What he argues here is that the metaphorical direction of our work is from known to unknown

Known-to-unknown implies that we have some knowledge and experience on which to draw, and that we expect to learn in the course of development.

Pretty good stuff there.  But also I can't help but observe that we often know more about the outside/top of our implementation than we do about the core/bottom.

Beginning with a realistic test will leave you too long without feedback.

I'm not quite sold on this one, certainly not universally.  The mars rover exercise, for instance, feels straightforward when approached with a "realistic test" first.  That may be a case of context - for the rover, choosing a representation of the input and a representation of the output, these are not particularly difficult choices unless one gets the itch to couple the implementation of the test tightly to the implementation of the solution.  Also, the rover exercise includes a specific complicated example to consider as the first test - the specific example where you are given the correct answer.

For a problem like polygon reduction, there may not be a specific complicated example to consider, so one might as well extract what value one can from a trivial example first, and then further extend.

The original polygon reduce discussion (Tom Plunket, 2002-02-01) is currently archived by Google.

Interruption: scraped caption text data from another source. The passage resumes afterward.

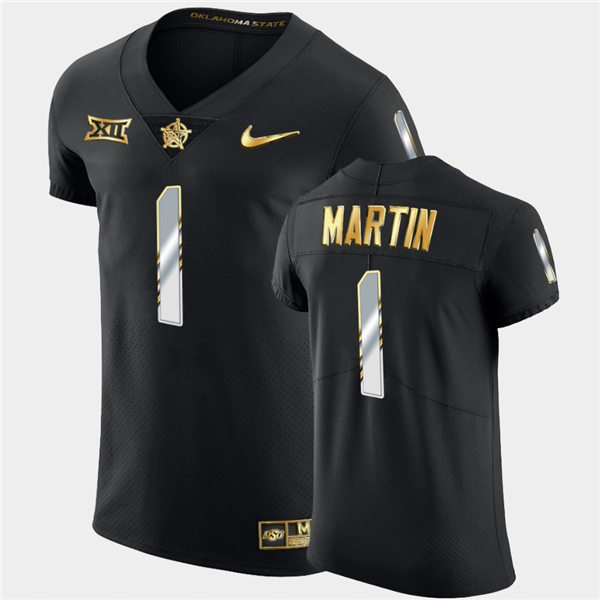 Mens Oklahoma State Cowboys #1 Tay Martin Nike Black Golden Edition College Football Jersey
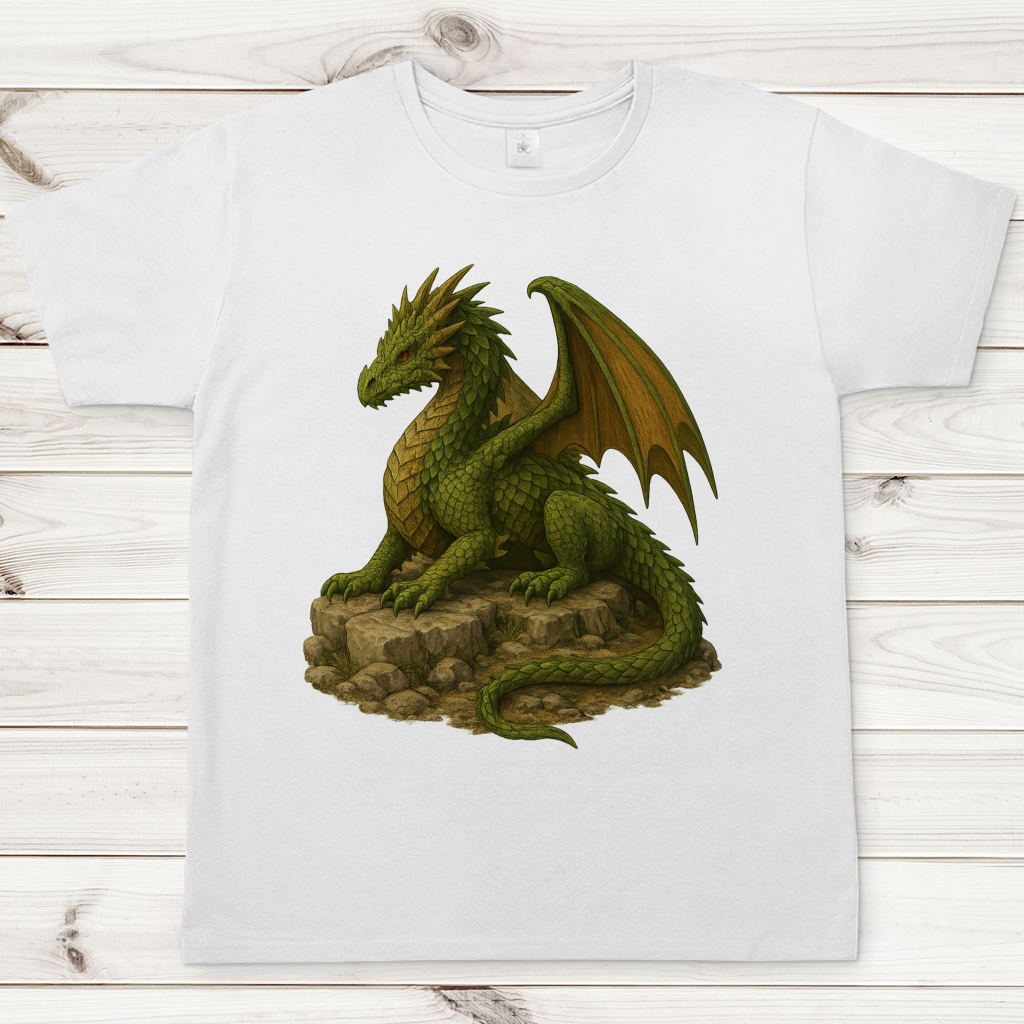 Herren T-Shirt Drache liegend auf Felsen grünlich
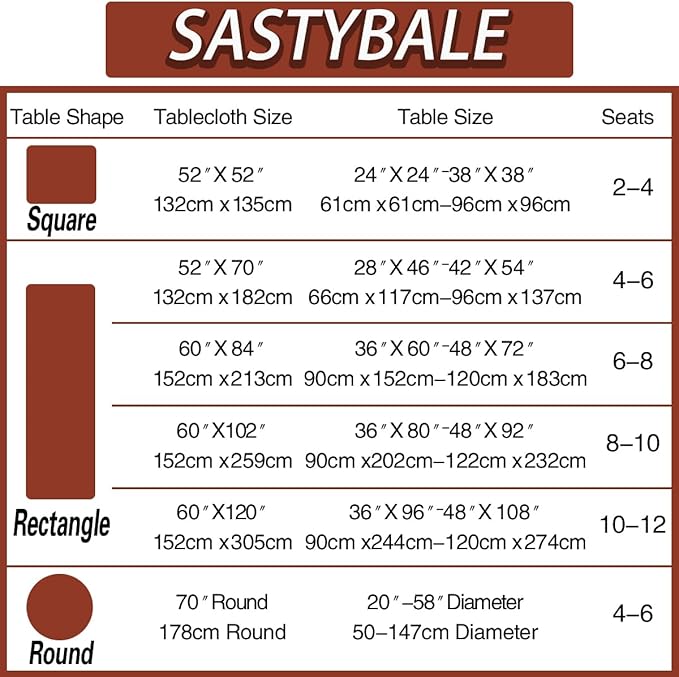 Jacquard Thanksgiving Tablecloth Square Flower Pattern Polyester Table Cloth Spill Proof Wrinkle Resistant Table Cover for Fall, Autumn, Harvest Decor (Square, 52" x 52" (4-6 Seats), Brick Red)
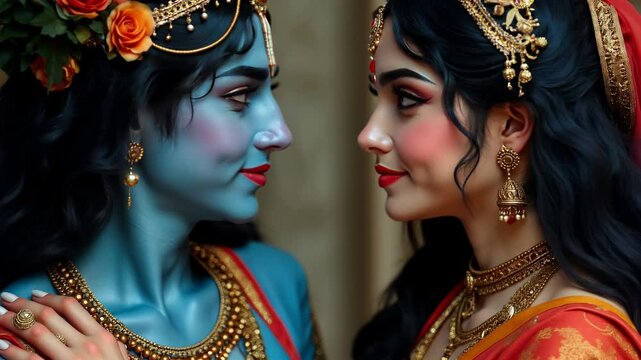 A close-up of Krishna and Radha in traditional attire. Krishna has a blue face with vibrant patterns, while Radha is adorned with jewelry and a covered head. The atmosphere reflects love and spiritual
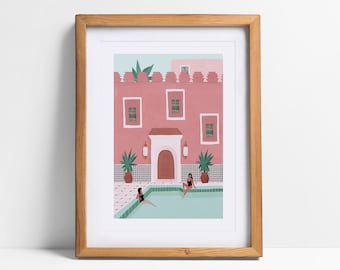 Marrakech A5, A4 and A3 art print, marroco, Casablanca, Red City, Tangier, Fes, Moroccan wall art, Morocco illustration, travel print, pink
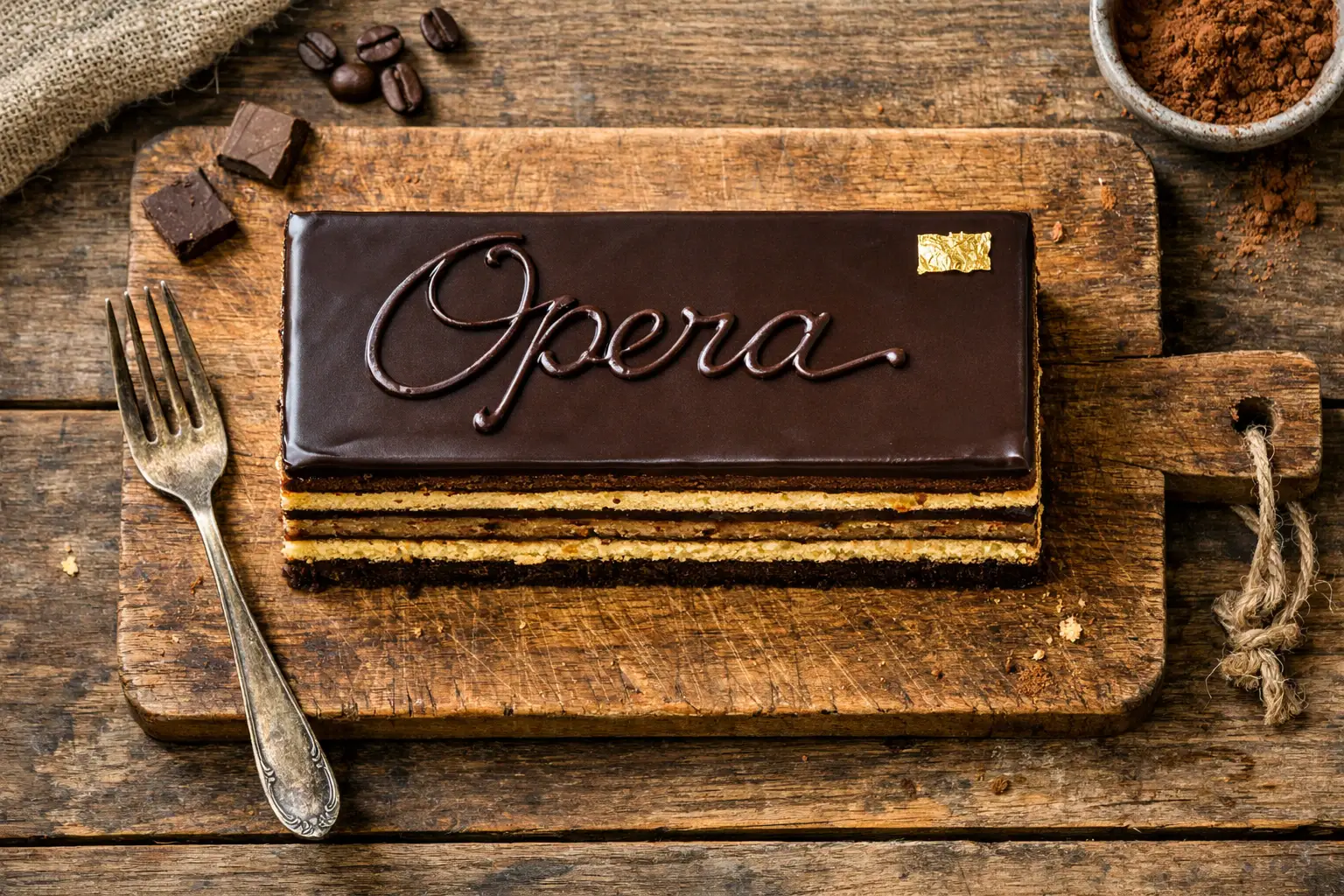 Opera cake frais sur table en bois rustique - 400 calories par part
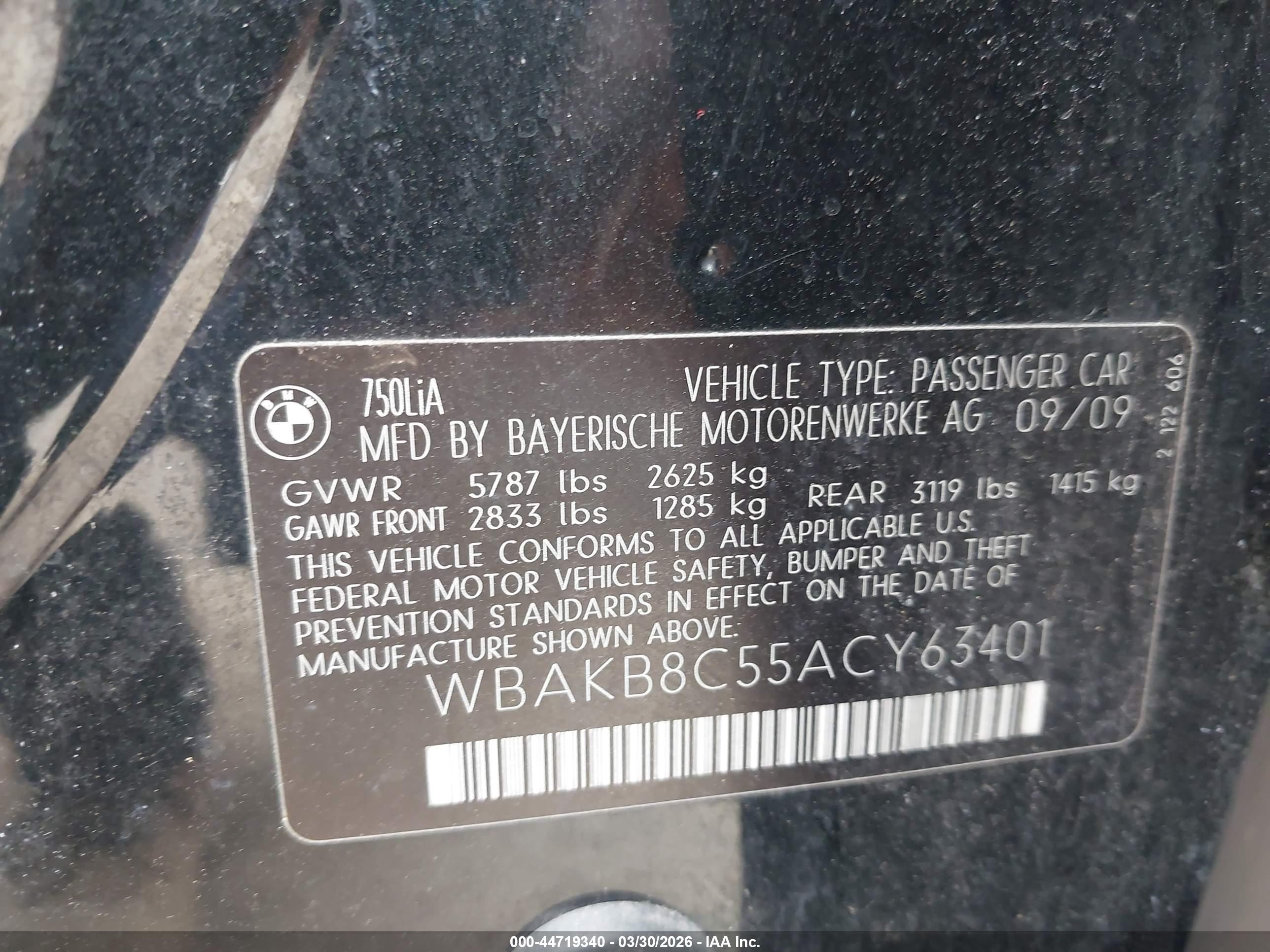 2010 Bmw 750li   Black vin: WBAKB8C55ACY63401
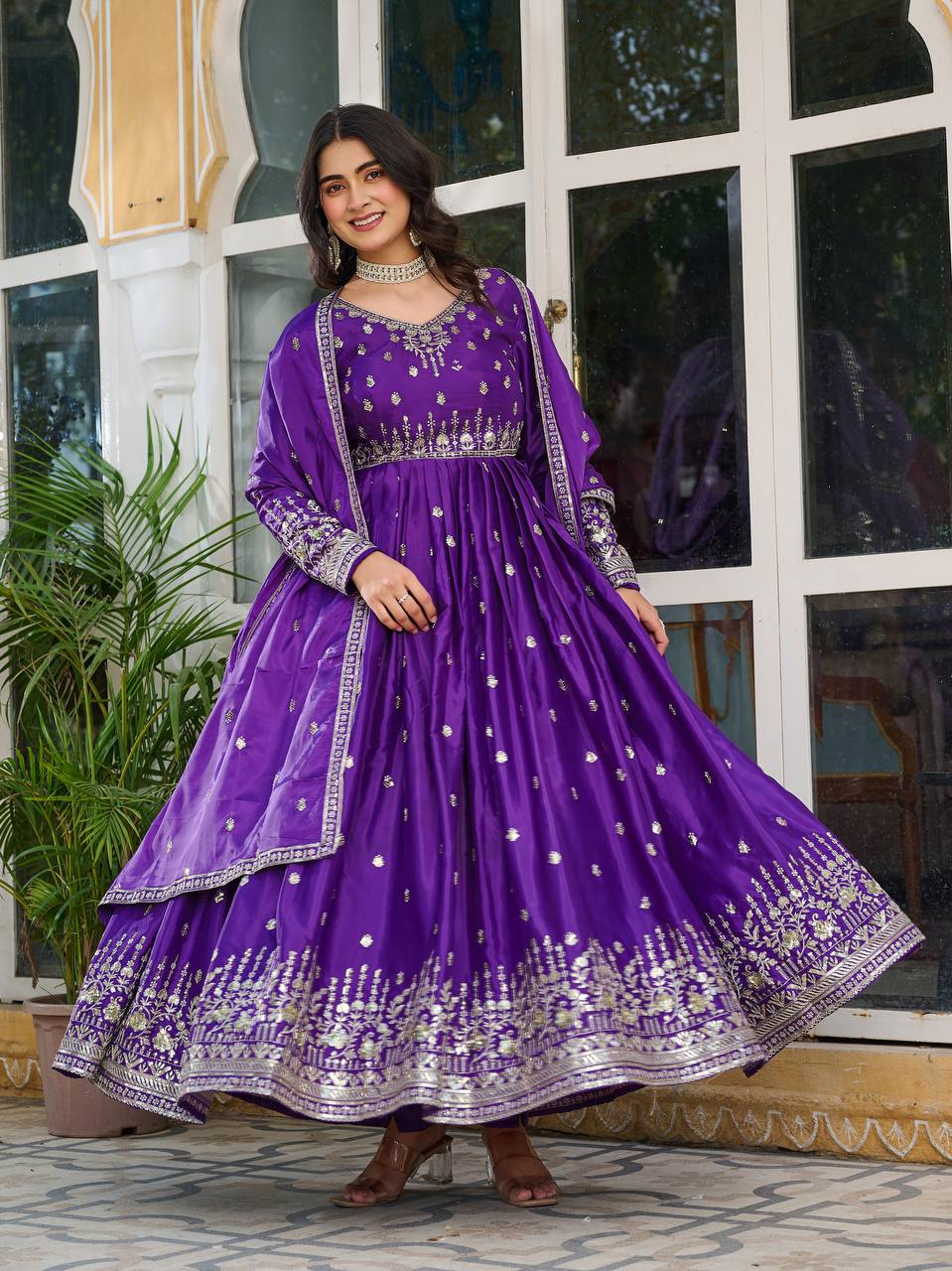 Meghnita Anarkali suit in American Silk with thread & sequin embroidery, padded gown, stitched pant & dupatta—perfect for weddings & festive wear.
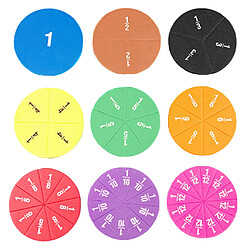 51pcs Plastique Fractions Numérotées Cercles Carte Carte Mathématiques Mathématiques Jouets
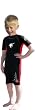 Size 3 (4-5Yr) Red Childrens shortie wetsuit. 2mm neoprene with Shark motif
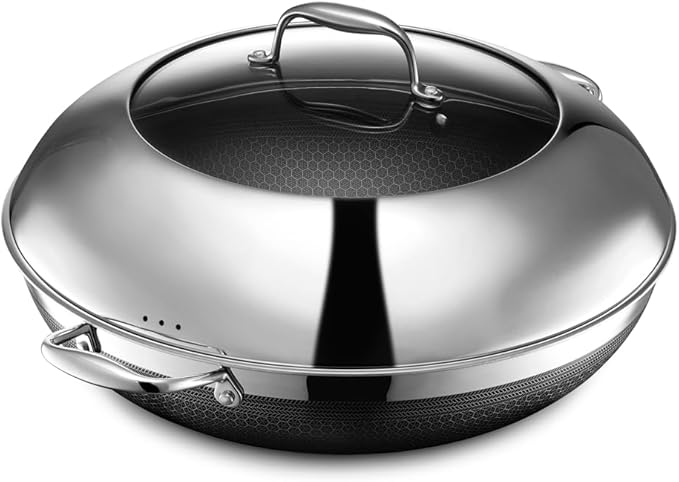 HexClad Hybrid Nonstick 5-Piece Cookware Set, 14" Pan with Lid, 14" Wok with Lid, and 7" Santoku Knife, Stay-Cool Handles, Dishwasher and Oven-Safe, Induction Ready, Compatible with All Cooktops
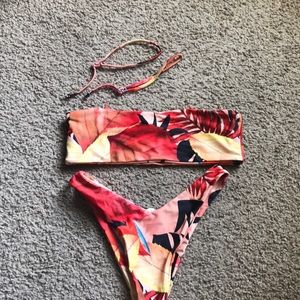 Bandeau Leaf Print Bikini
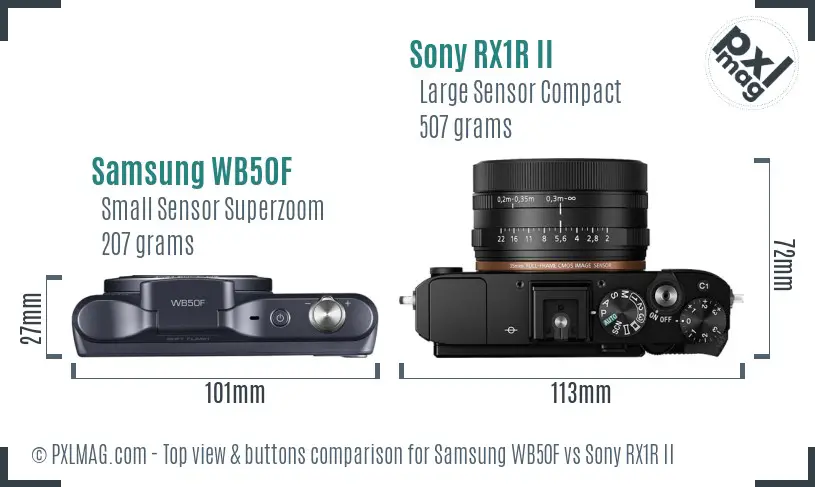 Samsung WB50F vs Sony RX1R II top view buttons comparison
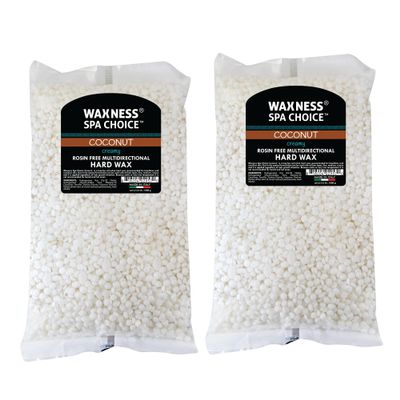 Waxness Spa Choice Rosin Free Multidirectional Hard Wax Coconut 2.2 lb / 1 kg Pack of 2 (4.4 lb)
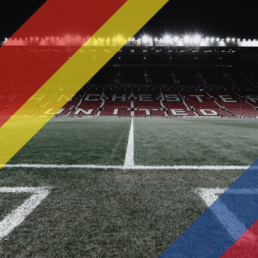 Voyage 2 nuits avec match Manchester United contre Crystal Palace à Old Trafford, logo Manchester United en haut à gauche, couleurs Crystal Palace en bas à droite.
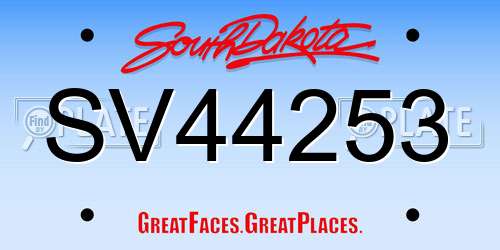 SV44253 South Dakota License Plate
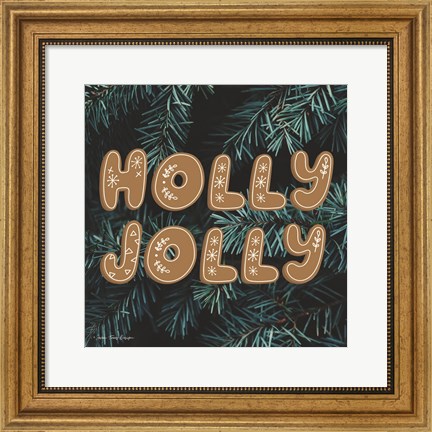 Framed Gingerbread Holly Jolly Print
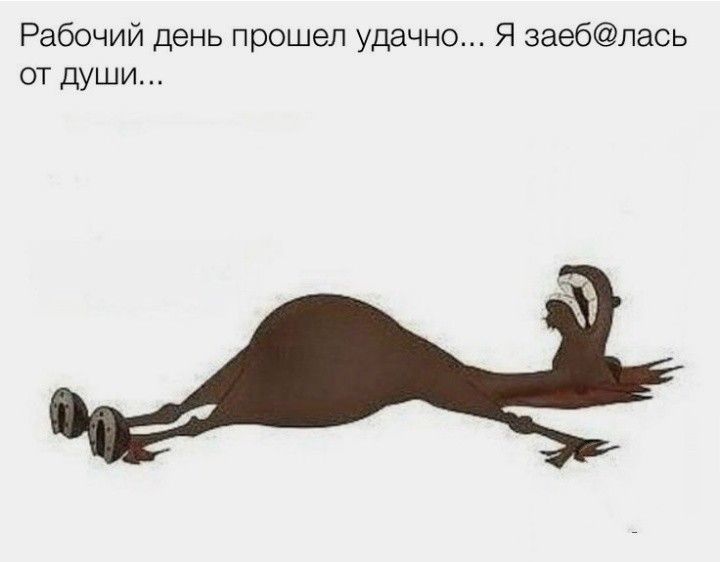 Рабочий день прошел удачно... Я заеб@лась от души...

Beware the enthusiasm of the newly converted.  Nothing will stop the spread of TDD faster than pushing it in people's faces.

Prophecy? sounds like prophecy.

Another argument in favor of checklists: as a defense against analysis paralysis - get the new idea put down on the test checklist, then put it down.

Also, throw away the code and start over is a big power move - I love it.  If it's not going well, declaring bankruptcy is a strong alternative to continuing to dig.

 

Saturday, June 1, 2024

HTTP Status Code Best Practices

Let's walk through a sequence of HTTP illustrations of how status codes should work.

First example:

GET /docs/examples/health-check/healthy

Where /docs is just a mapping to some folder on disk, so this is really "just" a file, the contents of which are an example of the response content returned by a health check resource when the system is, in fact, healthy.  When a client sends this HTTP request, and the server correctly processes that reques, copying the file contents into the body of the response, what should the HTTP status code be?

Answer: 200 - the request was successful, the response content is a representation of the target resource.  This is textbook, and should be unsurprising.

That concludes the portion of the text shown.